Visual inspection of several hundred structures from the PDB, in silico investigation of about 100 selected candidates, and finally experimental examination of 12 of them, led to selection of two potentially useful scaffold proteins. The first candidate was based on the human PIH1 domain-containing protein 1 (UniProt ID Q9NWS0, structure of PDB ID 4PSF [42
]) and the second one on the alpha-X beta2 integrin I domain (UniProt ID P20702, structure of PDB ID 1N3Y [52
]).
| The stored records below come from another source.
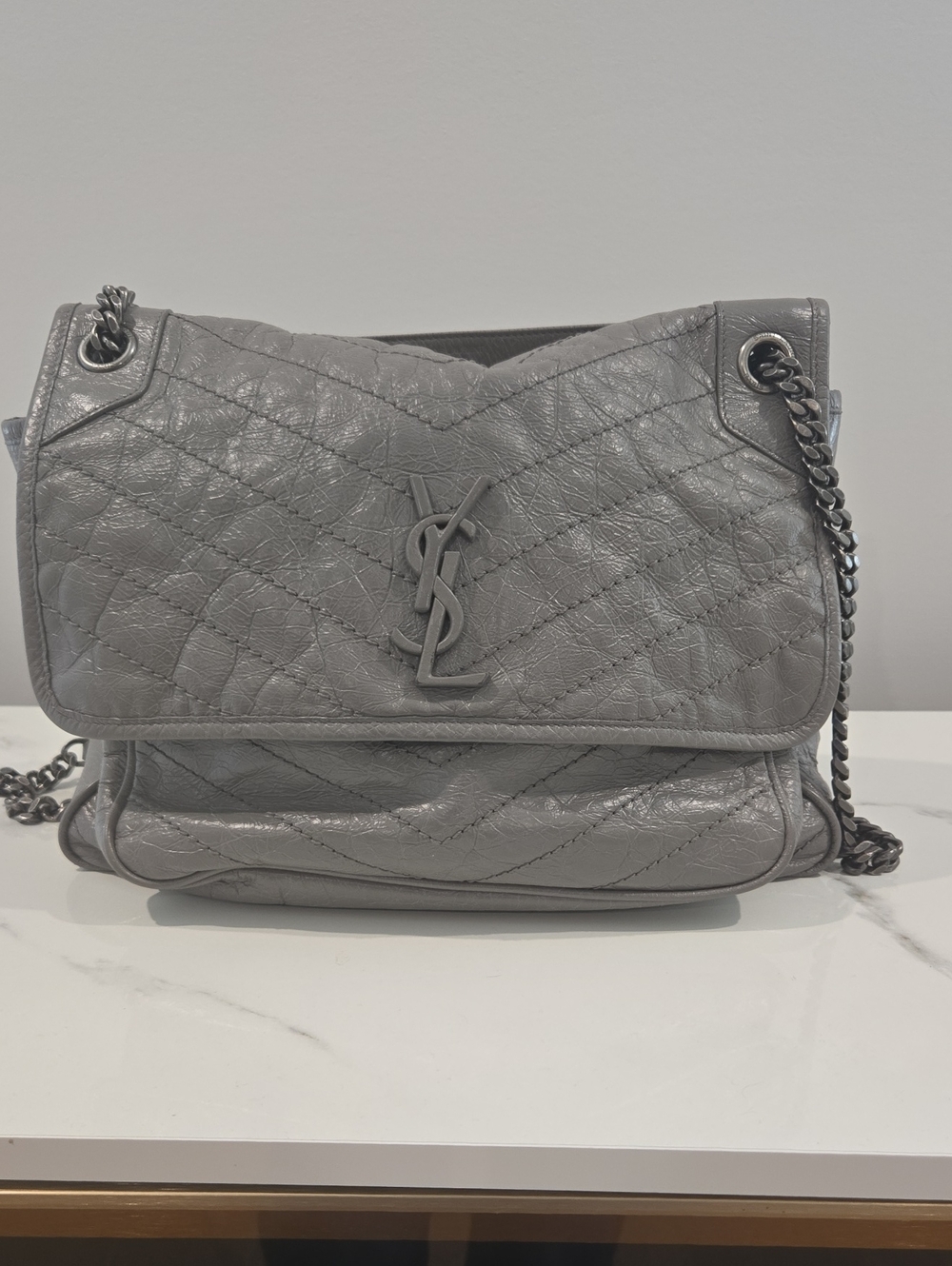 Saint Laurent Gray Quilted Leather Shoulder Bag with Chain Strap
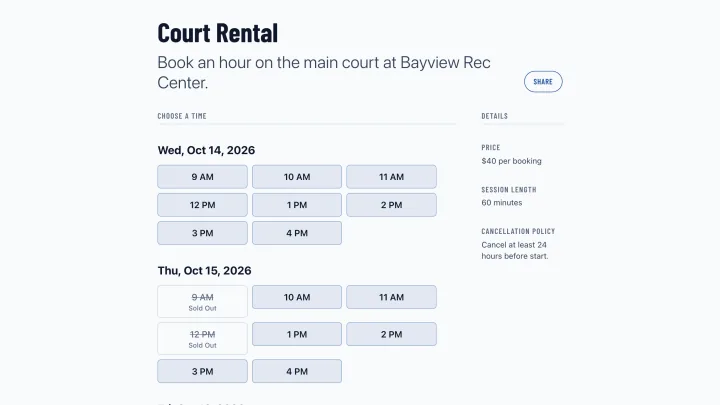 A court rental page, showing the hours open for booking on the club's court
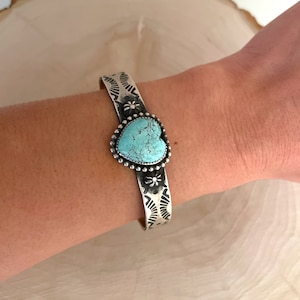 Turquoise Heart Cuff Bracelet By Kinsley Natoni Size 5.75&quot;/Authentic/Native American/Navajo/Handmade/Sterling Silver/Chinese Turquoise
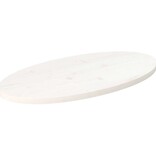 vidaXL Tafelblad ovaal 80x40x2,5 cm massief grenenhout wit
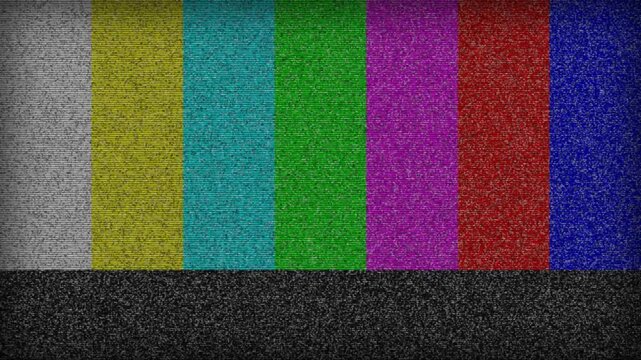 Analog television color bar test pattern with digital static and noise glitch effect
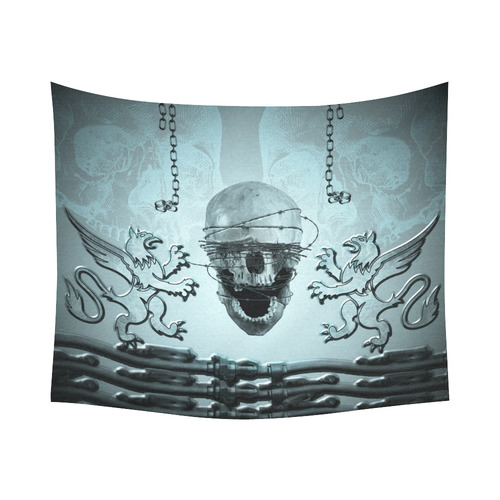 Scary skull with lion Cotton Linen Wall Tapestry 60"x 51"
The latter of the two candidates is going to be developed further in the near future.
We preferred the 4PSF protein structure because it contained two surface patches amenable for independent mutagenesis. Thus, we modified the 4PSF protein construct into the protein scaffold construct called ProBi that was ready to be used in both ribosome and yeast display technology. For the purpose of this work, we focused on one of the patches and utilized the ribosome display to evolve the ProBi scaffold into the binders of interleukin-10 with nanomolar affinity. In the future, we plan to include more scaffold candidates and concentrate on their other features, such as signaling inhibition, immunogenicity, and selectivity.
In this work, we present a proof of concept methodology to identify protein structures that could be converted into a new protein scaffold constructs. We experimentally proved that at least one of them could be adapted into binders of a medically important target with nanomolar affinity by methods of directed evolution.